> [ACTIVITY]: From the line that contains "this 700×465 image." down to the last line of the entries, repeat every line exactly. Do not carry over the pictures.

Saved data entries:
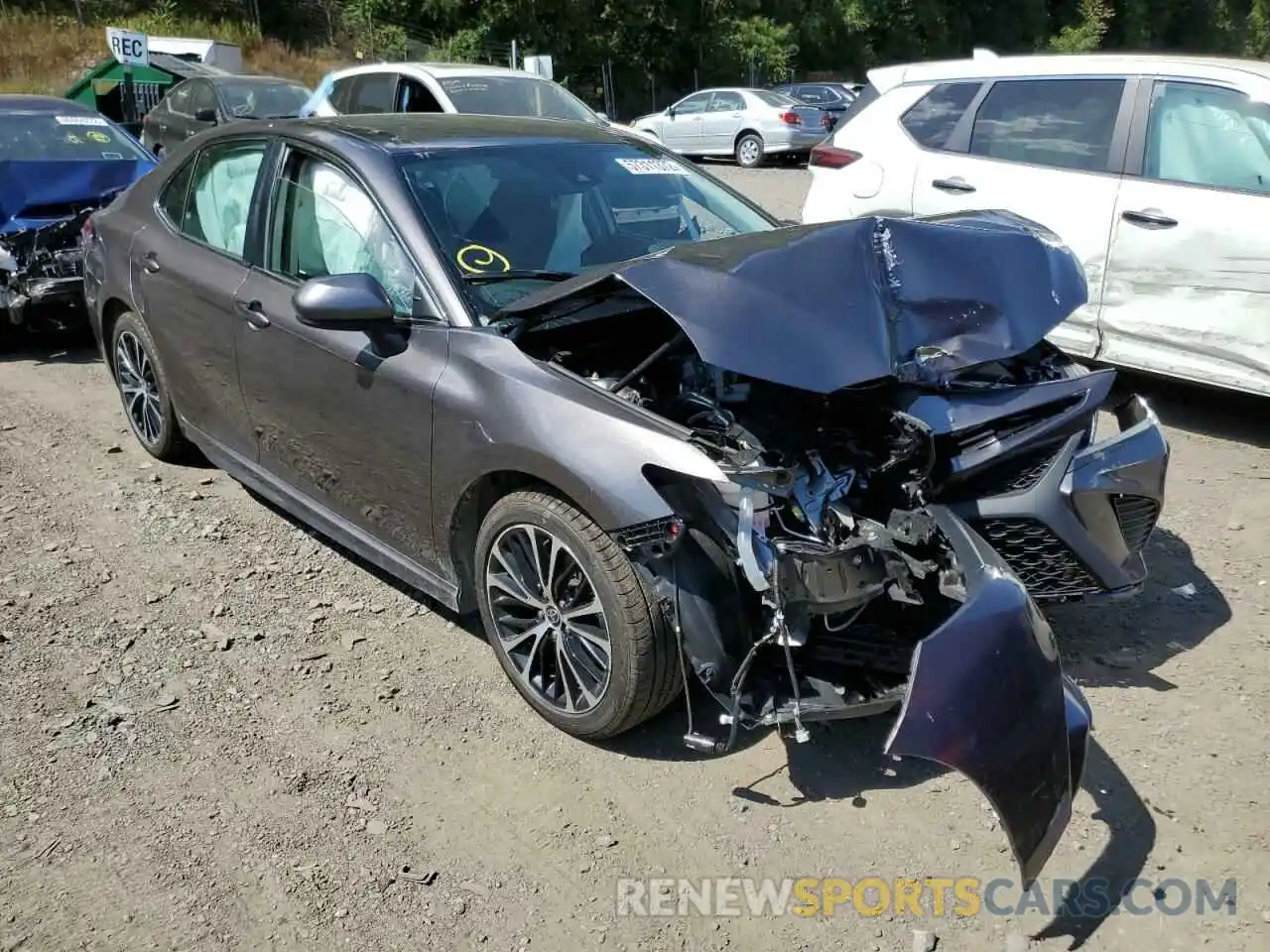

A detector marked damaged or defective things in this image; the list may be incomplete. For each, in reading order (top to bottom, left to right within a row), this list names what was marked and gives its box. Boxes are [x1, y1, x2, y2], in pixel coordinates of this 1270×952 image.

crumpled hood [0, 159, 154, 235]
blue damaged car [0, 93, 155, 331]
damaged toyota camry [0, 94, 155, 337]
crumpled hood [500, 212, 1087, 395]
damaged toyota camry [86, 115, 1175, 881]
detached bumper [956, 391, 1167, 599]
detached bumper [881, 506, 1095, 885]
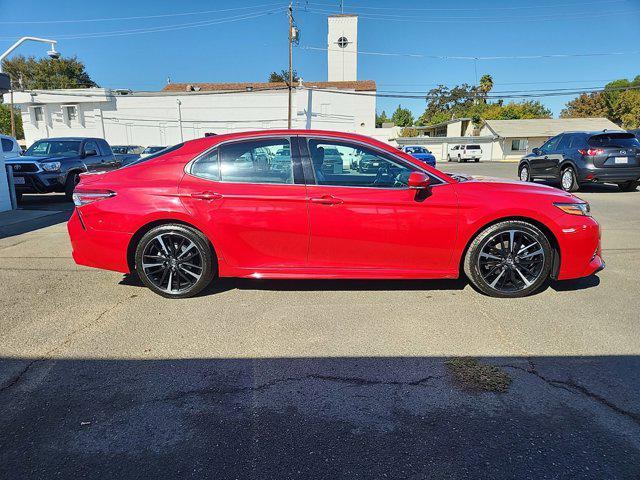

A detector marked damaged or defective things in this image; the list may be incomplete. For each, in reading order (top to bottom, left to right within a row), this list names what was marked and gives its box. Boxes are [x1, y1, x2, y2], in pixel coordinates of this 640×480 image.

pavement crack [0, 296, 132, 394]
pavement crack [502, 362, 636, 426]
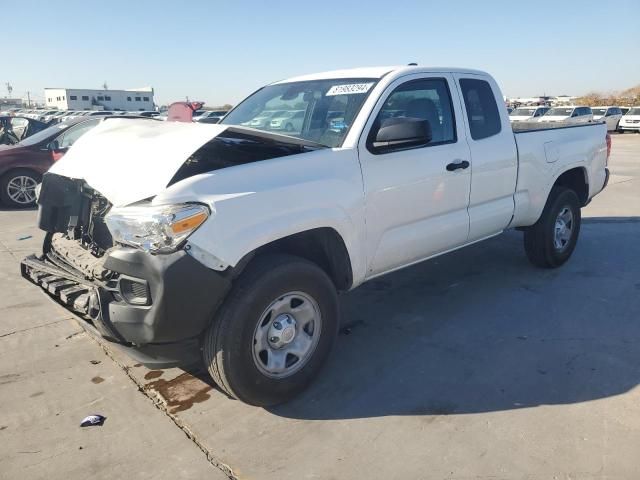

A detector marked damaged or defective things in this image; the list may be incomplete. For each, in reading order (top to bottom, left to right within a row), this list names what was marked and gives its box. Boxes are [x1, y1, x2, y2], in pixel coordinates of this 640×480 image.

crumpled bumper [21, 240, 232, 368]
front end damage [22, 173, 232, 368]
rust stain [144, 374, 211, 414]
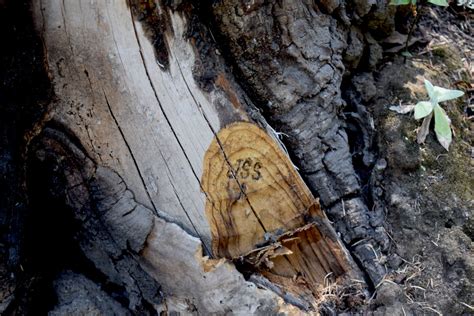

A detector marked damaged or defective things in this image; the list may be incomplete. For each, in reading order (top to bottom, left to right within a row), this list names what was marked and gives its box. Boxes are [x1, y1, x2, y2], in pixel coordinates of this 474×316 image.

splintered wood [201, 122, 352, 296]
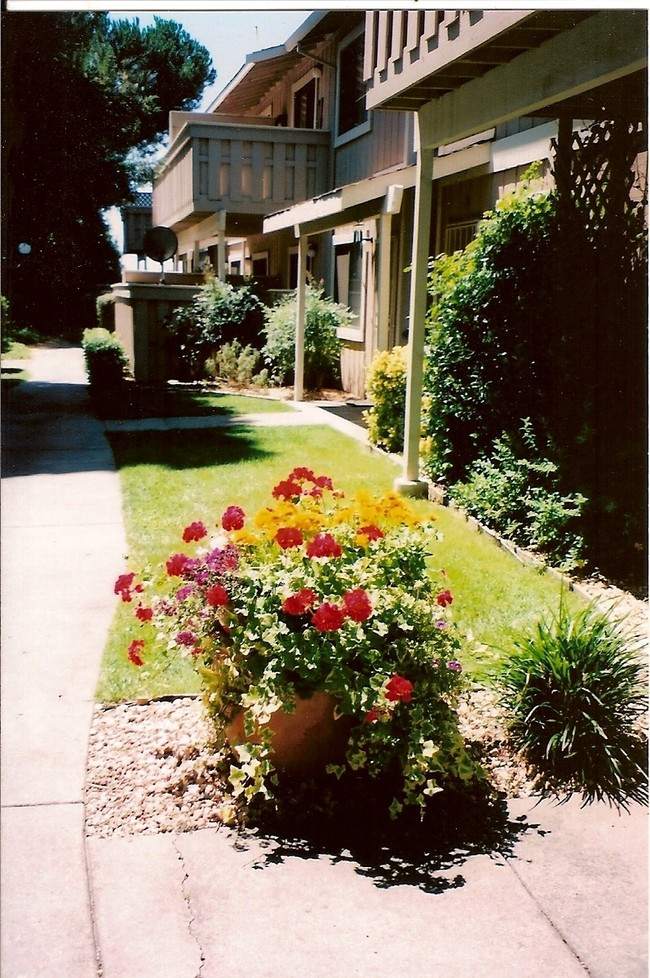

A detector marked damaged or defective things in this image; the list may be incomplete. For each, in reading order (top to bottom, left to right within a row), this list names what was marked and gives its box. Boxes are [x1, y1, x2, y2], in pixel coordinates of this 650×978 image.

sidewalk crack [172, 832, 205, 976]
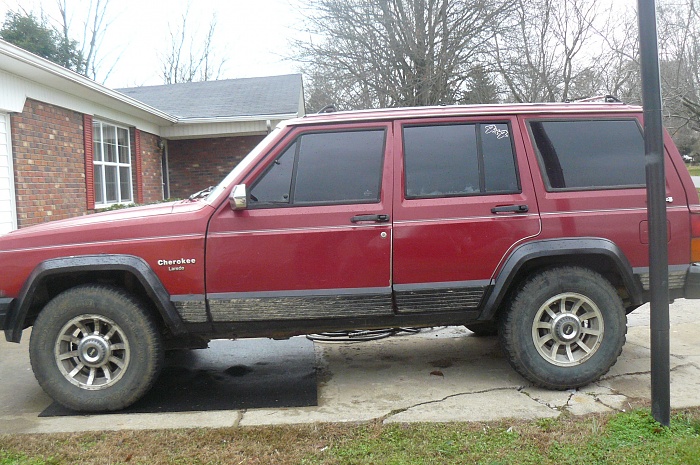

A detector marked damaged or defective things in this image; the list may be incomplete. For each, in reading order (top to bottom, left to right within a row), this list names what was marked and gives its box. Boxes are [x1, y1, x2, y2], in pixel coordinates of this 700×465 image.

crack in concrete [378, 384, 524, 420]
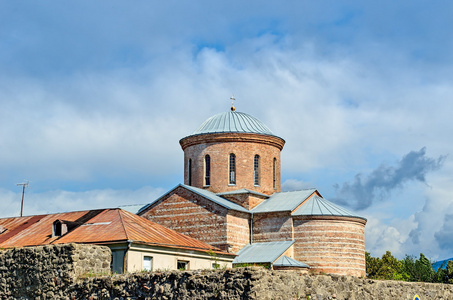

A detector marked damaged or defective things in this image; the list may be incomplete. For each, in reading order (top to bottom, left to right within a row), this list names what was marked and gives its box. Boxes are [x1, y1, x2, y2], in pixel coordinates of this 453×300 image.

rusty metal roof [0, 209, 233, 255]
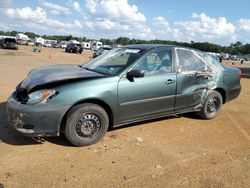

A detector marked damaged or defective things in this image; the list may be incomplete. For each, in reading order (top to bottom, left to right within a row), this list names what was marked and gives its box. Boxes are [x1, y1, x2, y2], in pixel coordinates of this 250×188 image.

dented hood [20, 64, 104, 91]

> [EXERCISE SOLUTION]:
A detector marked damaged or defective things in this image; the list may be incomplete. For each, in reading order (top to bottom, left to right within a row), this list names what was marked and gives its box. Boxes are [x1, y1, x2, y2], in pixel coordinates of this 700×465 image.

crack in concrete [378, 384, 524, 420]

A detector marked damaged or defective things in this image; the list may be incomplete. For each, in reading order (top to bottom, left to right within a row), this list names what was marked and gives its box. Boxes are [x1, y1, x2, y2], in pixel coordinates of this 453×300 image.

rusty metal roof [0, 209, 233, 255]

A detector marked damaged or defective things in this image; the list may be incomplete. For each, in reading order (top to bottom, left to right within a row), this list names what was marked and gives its box. Boxes are [x1, y1, x2, y2], in pixel coordinates of this 250×188 image.

dented hood [20, 64, 104, 91]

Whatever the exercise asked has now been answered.